A General Sort Package |
I have written many sort packages. I am calling this one "ZSORT" in the hope that it will be the last sort package I will ever have to write. ;-)
The package uses a counter of type "unsigned long" to count items in
temporary files, and it will fail in undefined ways if the counter
overflows.
2. Sorting
The package consists of the header file ZSORT.H, which must be included in every source code module that uses the package, and the source code module ZSORT.C, which must be compiled and linked into the resulting application. It is written in C, but it can be called from either C or C++. The source file ZSORT.TXT contains both files; you will have to separate them. The file ZSORT.C also contains a test program that you will have to remove before using the package for other purposes.
The sorting process begins with the following function call, which allocates some of the required memory and returns a handle to be passed to other functions in the package:
h = ZsortOpen(size, compare, memory, pointer); unsigned size; size of items to be sorted, in bytes (all items must be the same size) ZSORTCOMPARE compare; comparison function, as described below unsigned memory; maximum number of items to be sorted in memory void *pointer; user-defined pointer to be passed to comparison function ZSORT h; handle to be passed to other functions, or NULL if the operation fails for lack of memory
The comparison function is defined as follows:
n = compare(p, q, pointer); void *p; pointer to first item void *q; pointer to second item void *pointer; pointer passed to ZsortOpen() int n; ZCOMPABORT if sort is to be aborted ZCOMPDUPP if *p and *q are duplicates, *p is to be retained and *q is to be removed, ZCOMPDUPQ if *p and *q are duplicates, *q is to be retained and *p is to be removed, a negative value other than the foregoing if *p is to precede *q in sorted order, a positive value other than the foregoing if *p is to follow *q is sorted order, zero if the relative position of *p and *q in sorted order is unspecified
If the comparison function returns ZCOMPDUPP or ZCOMPDUPQ for any pair of items, it must NOT return 0 for any other pair of items (and vice-versa).

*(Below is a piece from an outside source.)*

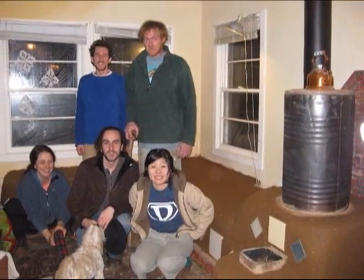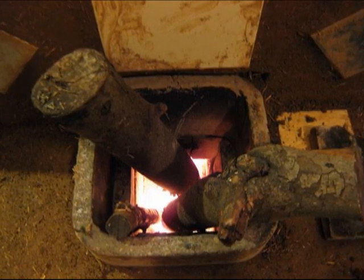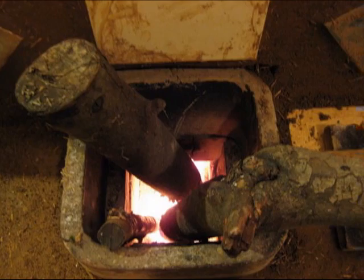On our rocket stove, we can burn the tree trimmings, and we do. The tree trimmings around the birch and the cedar and the ashes and things like that is what we burn.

The comparison function must define a consistent ordering of all the items. Details in Section 7 below.
The comparison function may make changes in parts of the items not involved in comparison. These changes will appear in the items when they are retrieved.

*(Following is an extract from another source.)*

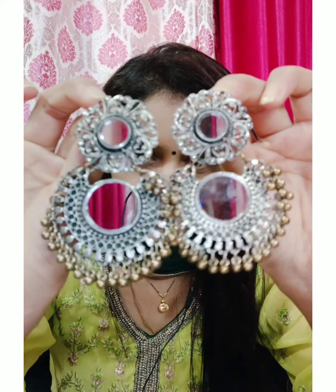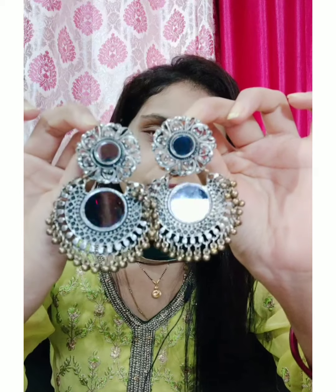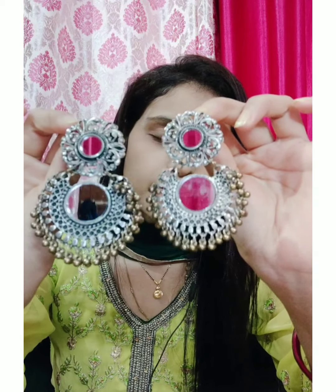So my first earring is this. As you can see, these earrings look so beautiful. Both the silver and golden touch look very traditional. You can carry it with a suit so beautifully. The material of this earring is exactly the same as shown on the website. This is how the earring is going to look — it looks very beautiful and it looks beautiful on this suit as well. And because of the silver or golden touch, it will go with any color.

Then items are submitted, one at a time, to the following function:
result = ZsortSubmit(h, p); ZSORT h; handle returned by successful call on ZsortOpen() const void *p; pointer to item to be submitted; the item is copied to an internal buffer, so it need not remain valid after this function returns int result; 0 successful operation ZSORTABORT operation aborted ZSORTMEMFAIL memory allocation failure ZSORTFILEERR temporary file error
The package sorts items in memory as much as possible. When the maximum specified in the call on ZsortOpen is exceeded, it writes the excess items into temporary files. If "memory" argument to ZsortOpen is very large, submitting a single item may cause a considerable delay while a block is being sorted before being written to a temporary file.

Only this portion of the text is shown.